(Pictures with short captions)
+-------+
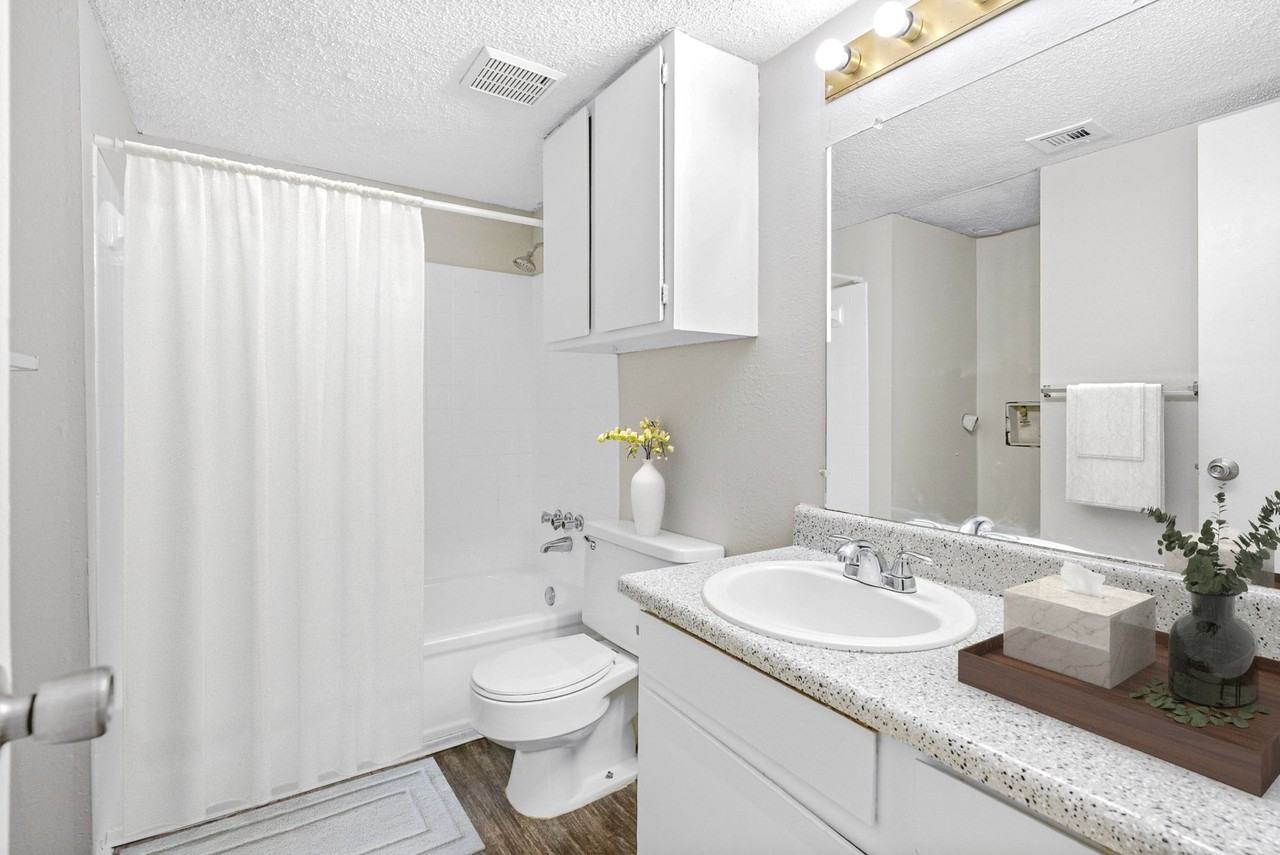 Dream Little Rock - Photo 5 of 50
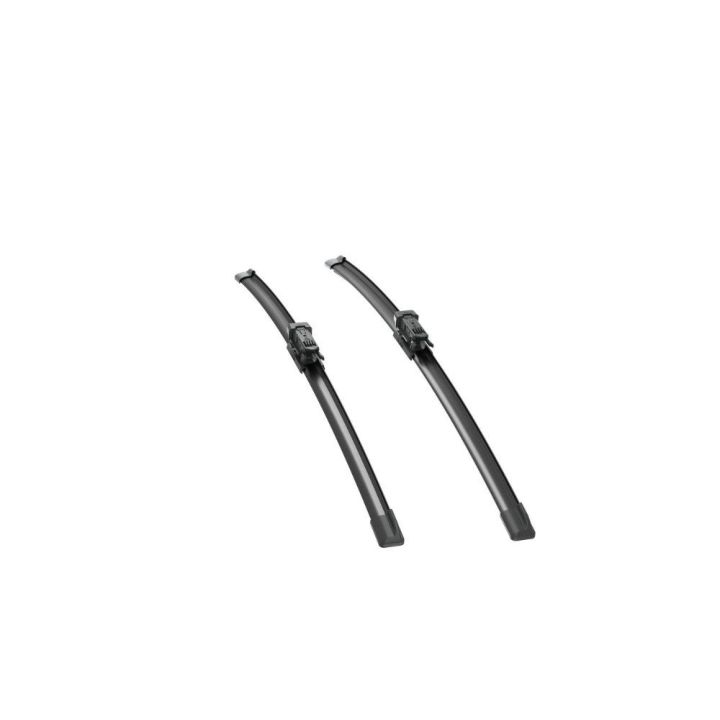 Saab 9-3 Aerotwin Silecek Seti (600/575 mm) - Bosch 3397007416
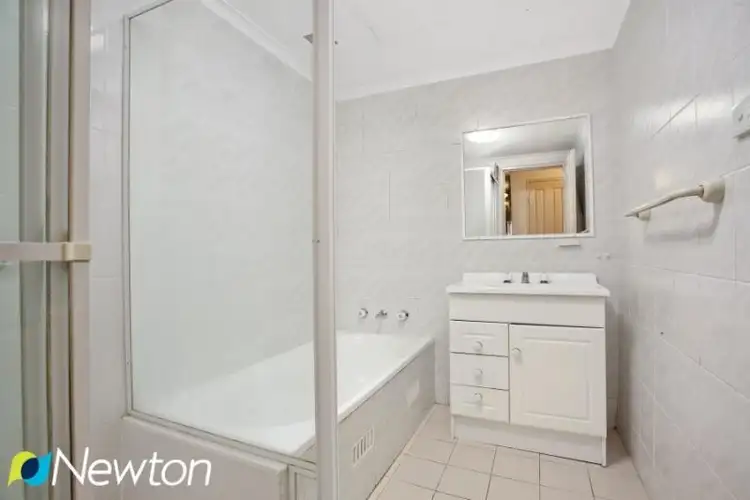 Fourth view of Homely apartment listing, 1/35-39 Judd Street, Cronulla NSW 2230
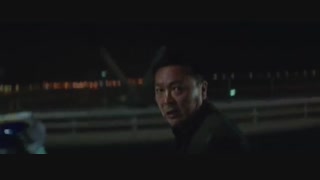 فیلم کره ای خواب طلاییGolden Slumber 2018+زیرنویس آنلاین با بازی هان هیو جو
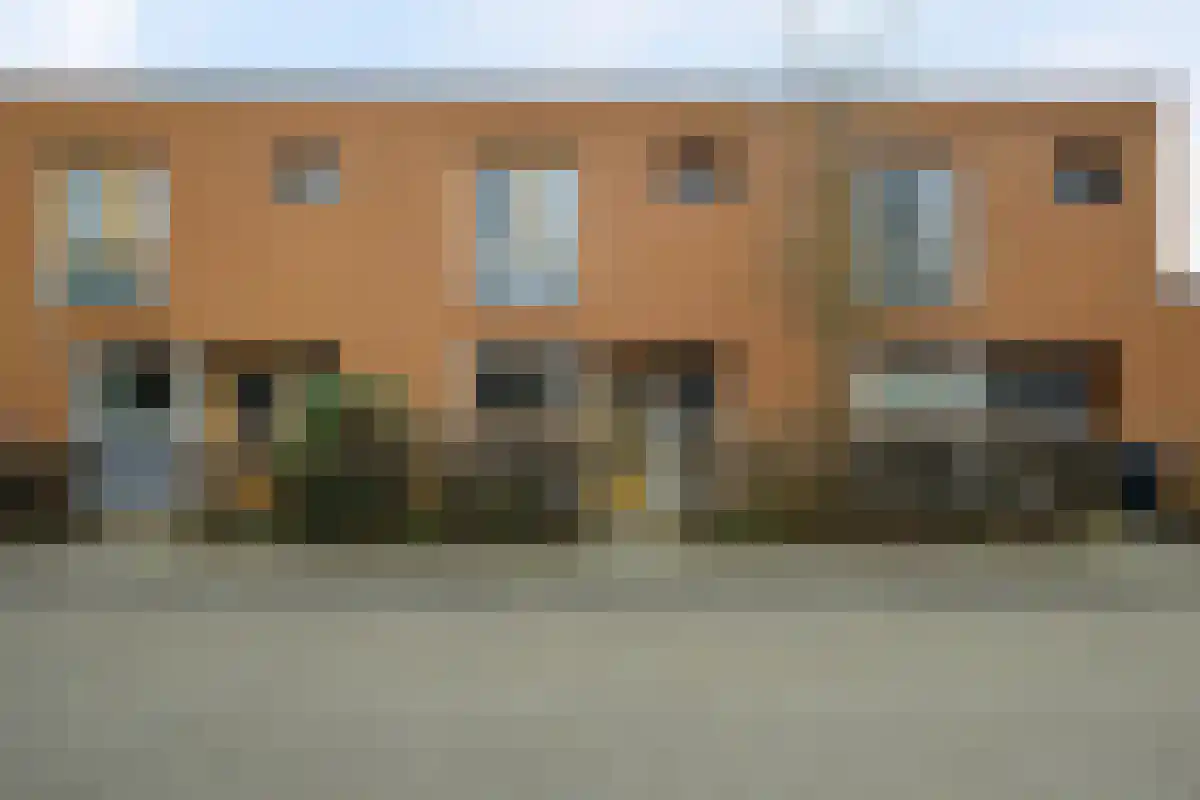 Abdijlaan 52 in Uden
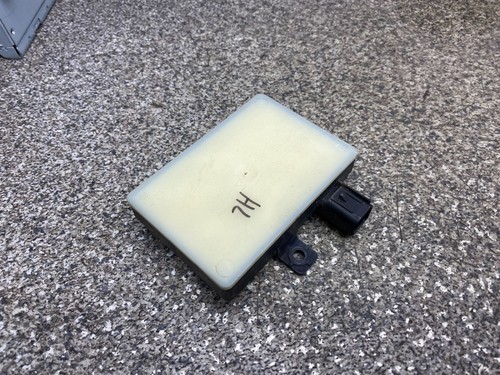 Sensore radar angolo - , cieco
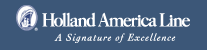 Holland American Line
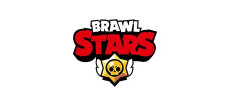 Brawl Stars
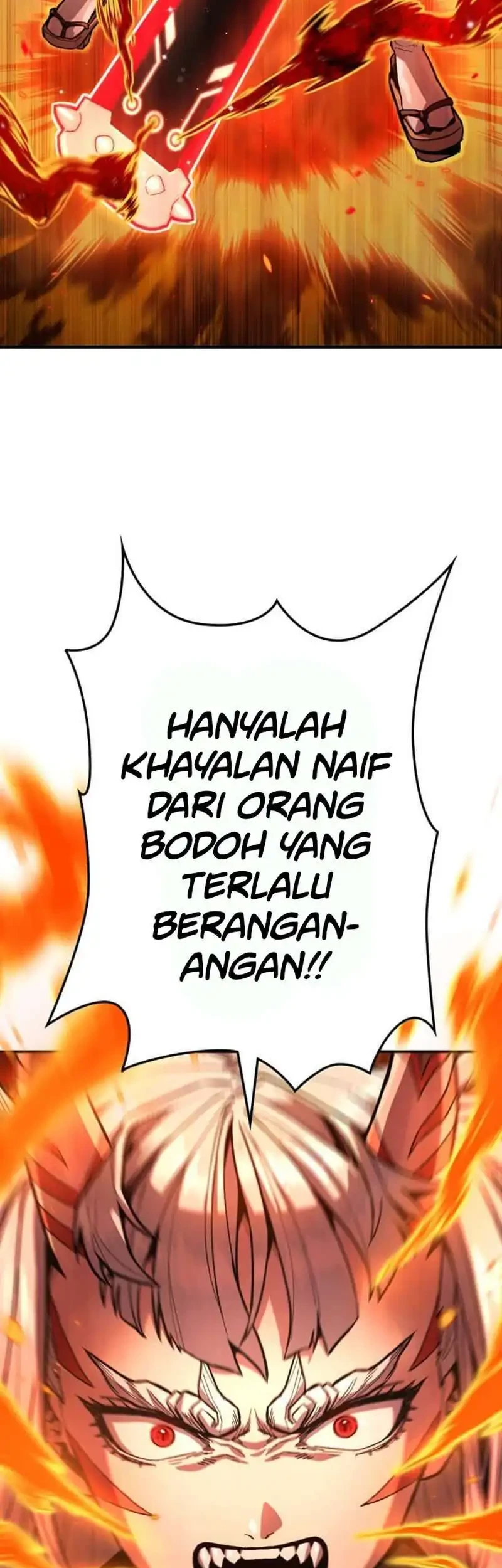 Chapter 2 - halaman 8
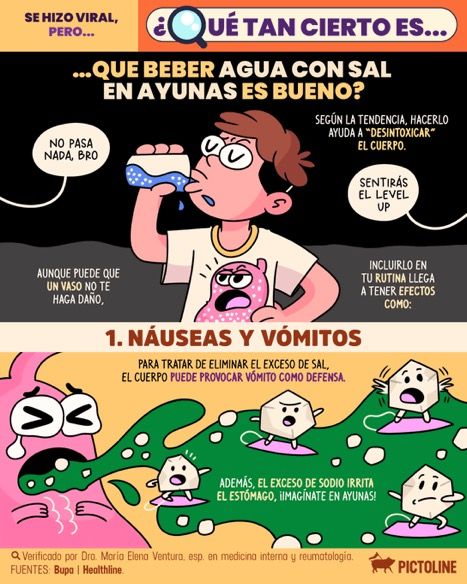 Raymundo Alejandro Cuevas Escalante-210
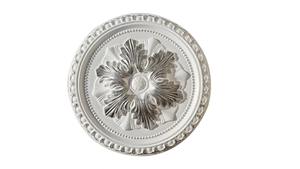 <span class=keywords><strong>Kit</strong></span> de moule de conception de rose de <span class=keywords><strong>plafond</strong></span> Moule de rose de <span class=keywords><strong>plafond</strong></span> décoratif professionnel pour la maison - Product Image 4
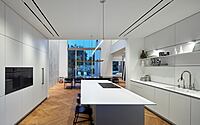 a-breath-of-fresh-air-transformation-to-a-spacious-home-by-shlomit-zeldman-012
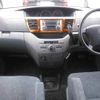 toyota noah 2004 -TOYOTA--Noah AZR60G-0364925---TOYOTA--Noah AZR60G-0364925- image 9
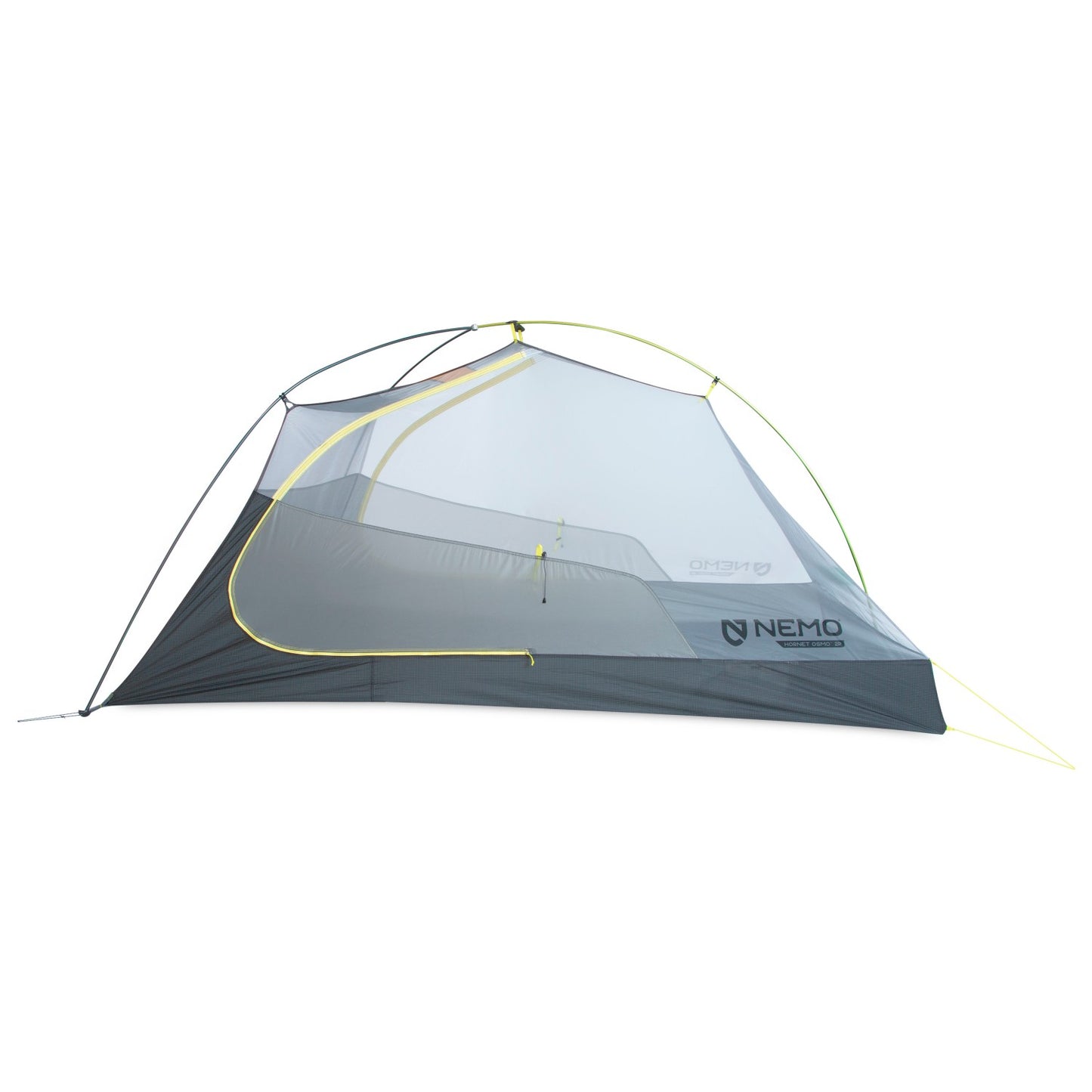 Nemo Hornet OSMO 2P 2025 - 2-Personen Zelt
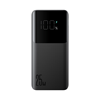 Picture of Joyroom Powerbank Joyroom JR-PBF20 25W 10000mAh - black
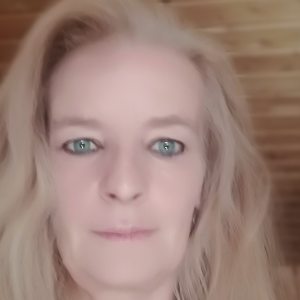 Profilbild von Marika Mussel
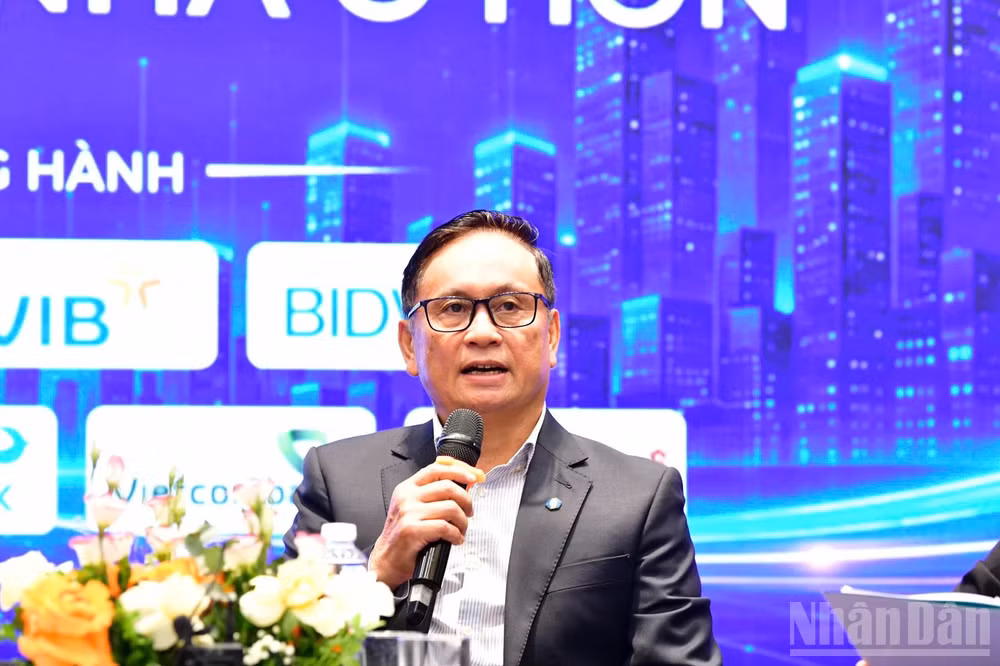 ndo_br_phien2-ongson.jpg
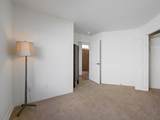 463 Seasons Drive - Photo 28
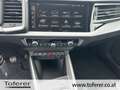 Audi A1 30 TFSI intense Weiß - thumbnail 11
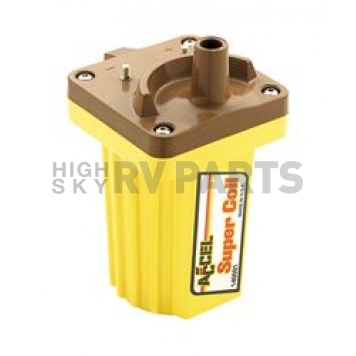 ACCEL Ignition Coil 140001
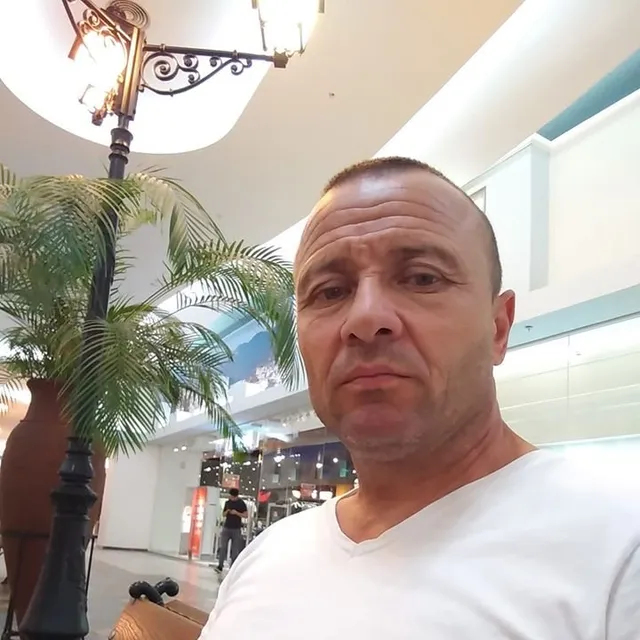 Gheorghe Margarit profile picture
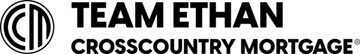 CrossCountry Mortgage, LLC - Ethan Nguyen Logo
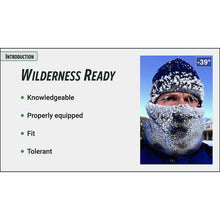 Load image into Gallery viewer, Nature & Landscape Essentials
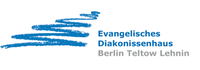 Evangelisches Krankenhaus Ludwigsfelde-Teltow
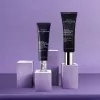 Esthederm Intensive Propolisz+ Ferulinsavas bőrtökéletesítő krém (50ml)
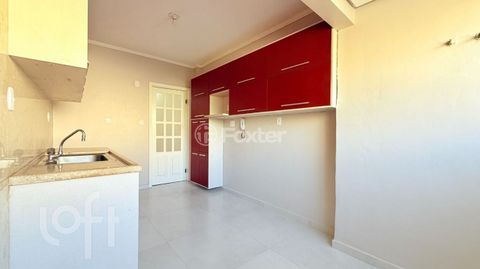 Image 19 - 881680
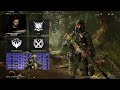 СТРИМ СОЛО РМ в WARFACE/ВАРФЕЙС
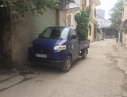 Suzuki Carry 2011 - Cần bán lại xe Suzuki Carry đời 2011, màu xanh lam, nhập khẩu nguyên chiếc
+-------+
◆ EXERCISE DIRECTIONS
Take the lines from the one holding "ndo_br_phien2-ongson.jpg" through the final line of the records above and output them exactly, both ends included, excluding pictures.

◆ SOLUTION
 ndo_br_phien2-ongson.jpg
 463 Seasons Drive - Photo 28
 Audi A1 30 TFSI intense Weiß - thumbnail 11
 ACCEL Ignition Coil 140001
 Gheorghe Margarit profile picture
 CrossCountry Mortgage, LLC - Ethan Nguyen Logo
 Load image into Gallery viewer, Nature & Landscape Essentials
 Evangelisches Krankenhaus Ludwigsfelde-Teltow
 Esthederm Intensive Propolisz+ Ferulinsavas bőrtökéletesítő krém (50ml)
 Image 19 - 881680
 СТРИМ СОЛО РМ в WARFACE/ВАРФЕЙС
 Suzuki Carry 2011 - Cần bán lại xe Suzuki Carry đời 2011, màu xanh lam, nhập khẩu nguyên chiếc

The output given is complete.